Tout comme Oumar Ouédraogo, Hachim Compaoré, architecte-urbaniste, confectionne des pavés, mais avec tout type de déchets plastiques et en quantité industrielle. A Ouagadougou, il emploie de la main-d’œuvre du processus de triage des déchets plastiques au broyage et au séchage en passant par le lavage. Il a livré des échantillons (plus d’une dizaine de m2) à Séguénéga et à Kalsaka, dans la province du Yatenga, destinés à la réalisation de supports pour l’installation de plaques solaires et de maisons démontables.
De son côté, Vivien Ilboudo, ingénieur en génie civil, initie des formations sur la fabrication des pavés à base de déchets plastiques et le posage. En mars 2023, il a formé plusieurs femmes déplacées internes (PDI) à Toma, dans la province du Nayala, afin qu’elles en fassent, à terme, une activité génératrice de revenus.
Au niveau de l’Etat burkinabè, le recyclage sonne comme un moyen efficace contre la pollution plastique. Selon le ministre de l’Environnement, Roger Baro, la problématique de la gestion des déchets, singulièrement celle des déchets plastiques, se pose avec acuité en raison de divers facteurs, dont l’insuffisance des infrastructures de traitement et de valorisation des déchets.
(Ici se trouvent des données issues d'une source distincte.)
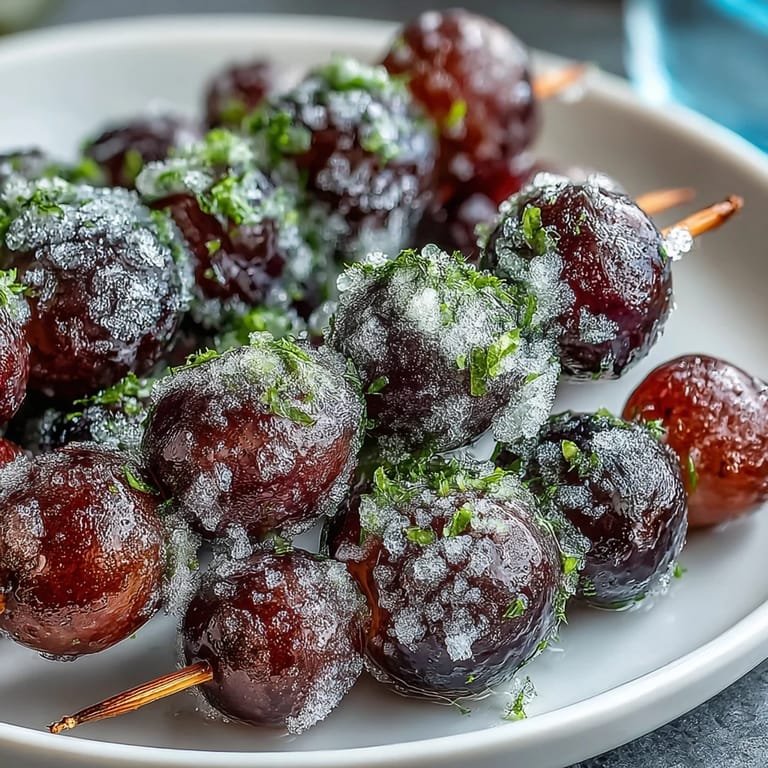 Vibrant green and red frozen grapes, coated in tangy lime sugar, ready for a refreshing bite.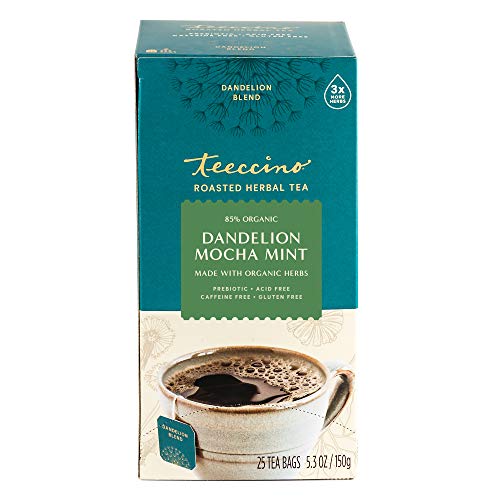 Teeccino Dandelion Mocha Mint Tea - Caffeine Free, Roasted Herbal Tea With Prebiotics, 3X More Herbs Than Regular Tea Bags, Gluten Free - 25 Tea Bags (Pack Of 3) #TOP4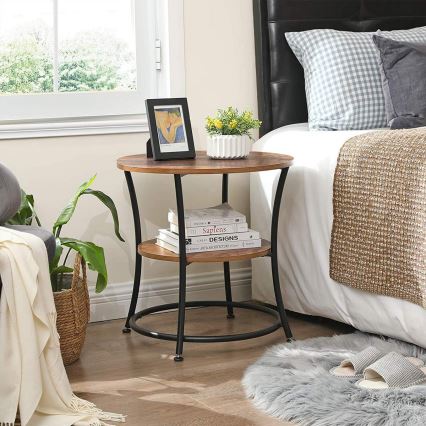 Βοηθητικό τραπεζάκι ELDUR καφέ/μαύρο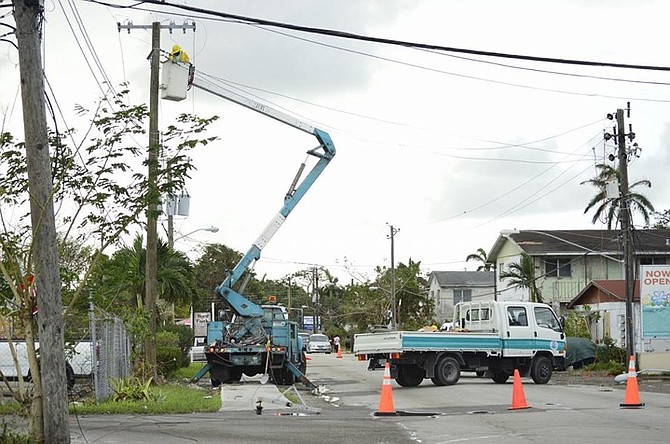 Bahamas Power and Light crews at work this week. (Photo from BPL's Facebook)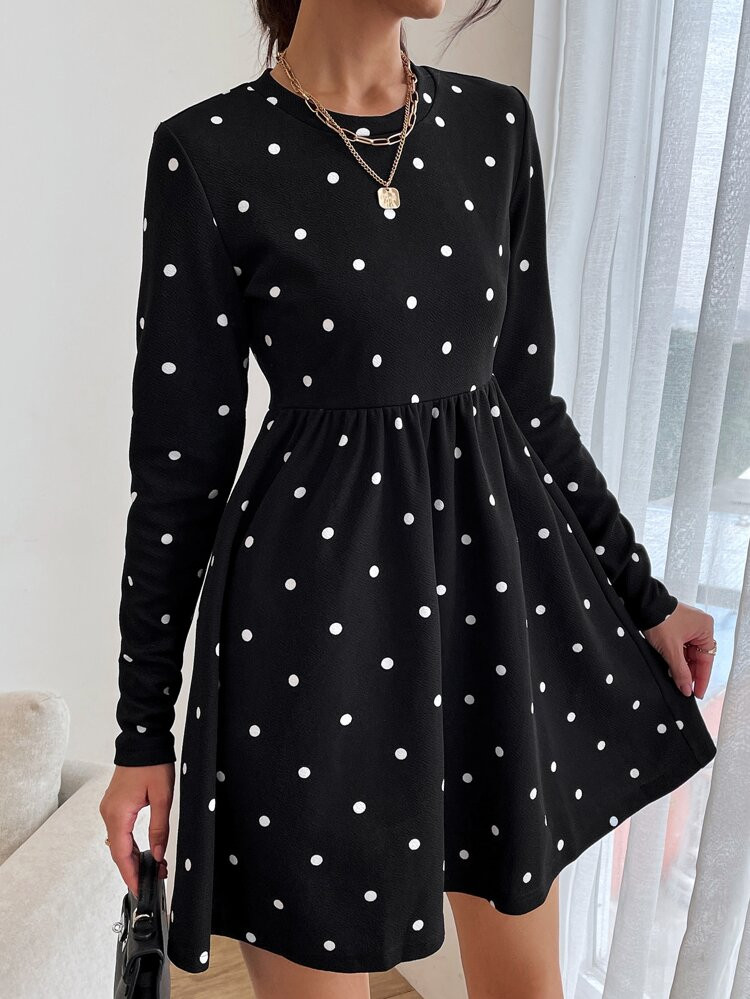 Polka Dot Flared Hem Dress | SHEIN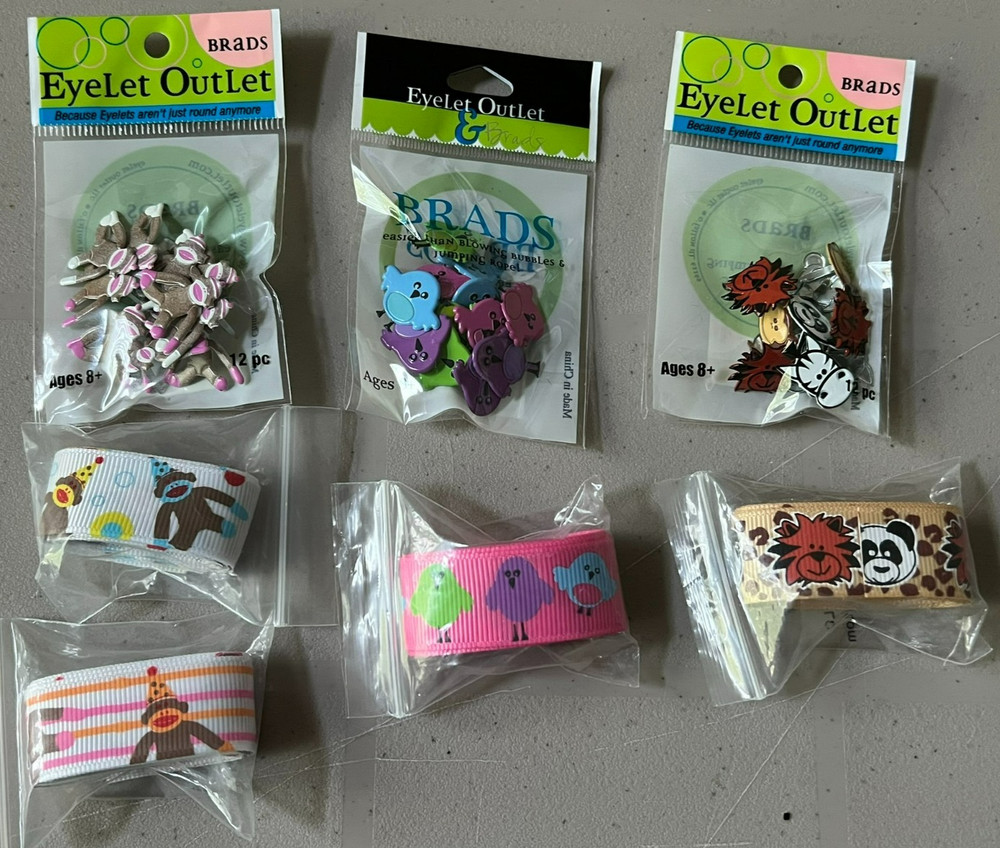 Eyelet Outlet Shape Brads 12/Pkg & matching ribbon (36") Monkey, Animals, Birds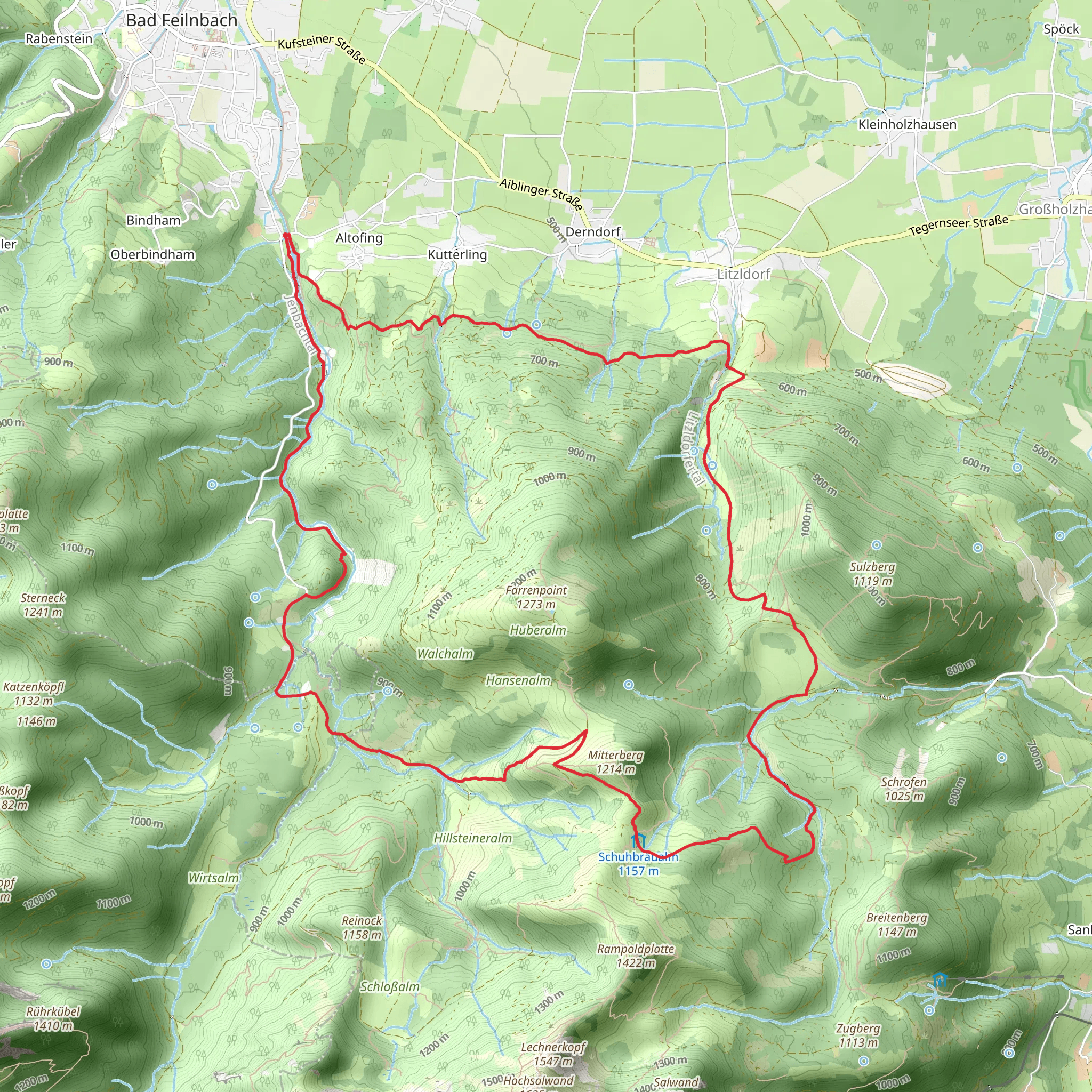 Altofing Loop via Mitterberg mobile static map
Résultat, d’importantes quantités de déchets plastiques détériorent considérablement la qualité de l’environnement et l’état de santé de la population. A titre d’exemple, « sur la décennie écoulée, les importations de plastique ont presque doublé, passant de 60 000 tonnes en 2012 à 118 400 tonnes en 2021. Cette forte consommation de plastique entraîne une importante production de déchets plastiques, qui a plus que doublé dans l’intervalle d’une décennie », a-t-il déclaré.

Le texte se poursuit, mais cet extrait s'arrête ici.